Sometimes I don't know why I bother to blog at all. I should just post a link every day that says, "go read Avedon Carol.

On the other hand, John Duffy has a life and he's going to go pay attention to it for a while. I don't know what the "manuscript" is that's removing him from the World O'Blogs for months on end, but I hope it's for a book, or at least a dissertation, and that I'll get to read it. I also hope, selfishly and not with his best interests at heart I realize, that the lure of blogging is too much for him and that he comes back very soon. In the meantime, he leaves us with a pretty good list of Better Rhetors to contemplate.

Kevin Drum, over at CalPundit thinks CEOs should have to work for a living. Kevin doesn't seem to understand the concept of being in charge. Being in charge means more money and less responsibility. Kevin should take a look at the White House for an example of how this works.

He's right about the article on Buffet. Read it. And read some opinions on the same subject, including a dissenting one.

The latest cover stories indicate why. It's true that many corporate CEOs continue to glean high salaries, bonuses and stock awards and options even though their firms' stock prices have been declining. But why should that be surprising? When the economic wind is at your back, it's easier to make lots of money. In tough times, businesses need great managers more than ever. How to attract them? The same way that sports teams attract them. With high compensation. It's not very complicated.
The core weakness in this argument seems to me to be the one that everyone smells but no one wants to mention in public. CEOs and executives who have a huge stake in a corporation doing brilliantly in the short-term, so they can make a killing on their stock, aren't the best people to put in charge of a corporation's long-term health.

These guys are treated like star pitchers. Bring them on, pay them a mint to win a few crucial battles, then replace them with someone else in a month. They should be treated like Volvos. Get one, pay a little extra for the maintenance, and expect the darned thing to keep on producing at top level for fifteen years.

Free agency went a long way toward destroying "team spirit" in baseball and it's doing the same thing to corporations. (And that's my last shot at a metaphor for a long time.)


Following Up On the News

Looks like I spoke too fast on the subject of Mitch Daniels, Bush's Budget Director deserting before the economic ship sank leaving to run for public office. Buzzflash says Daniels was about to get hit with an insider trading investigation.

And the smell hanging around Halliburton just won't go away.

Halliburton Co. is under fire for doing business in countries the US has identified as "sponsors of terrorism."
I'm just saying, okay? Halliburton, while manifestly an example of How Not To Run A Responsible Corporation is not alone in having done business with the USofA's "enemies" and it's always a mystery to me how these stories get pinched down this way.

Hey! Hey! Looks like even the measly $350 billion budget-busting tax plan might be in trouble.

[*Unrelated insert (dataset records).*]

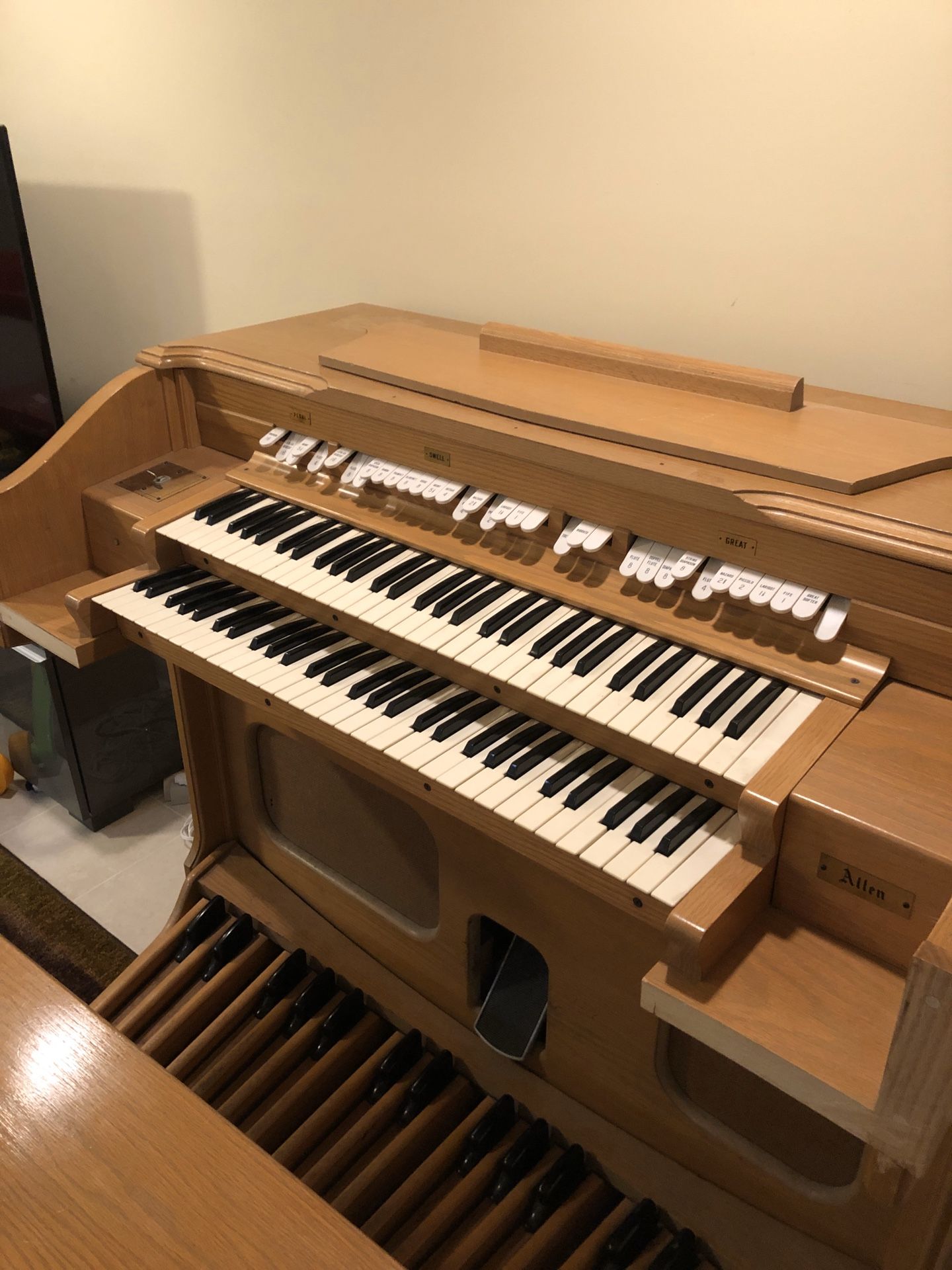 Allen organ two manual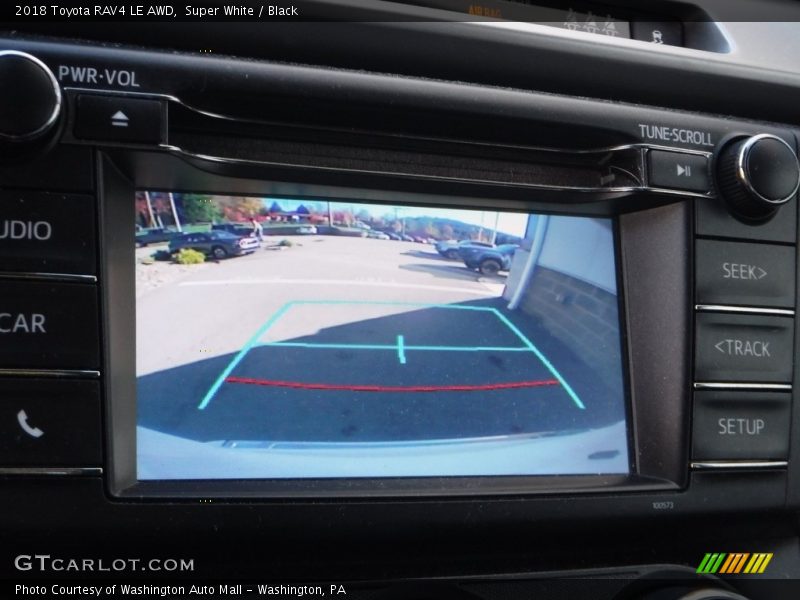 Super White / Black 2018 Toyota RAV4 LE AWD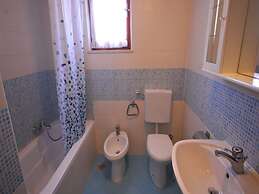 Lovely Villa With Garden in - Beahost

If every company on the list of those working with Iraq since the imposition of sanctions was hitting the news, then the good citizens of this country might get a grasp on just how huge this problem is, but nooo, we have to obsess over one corporation. (Is this because the press sees Halliburton as vulnerable, or because the Cheney connection makes better headlines? If the latter, then why didn't the Bush/Enron story play bigger?)

The Taliban is back! and they're hoping Bush still doesn't care about Afghanistan.

And there's more on the "black prom and white prom" story.

I feel eyes on the back of my neck. Maybe I should be working.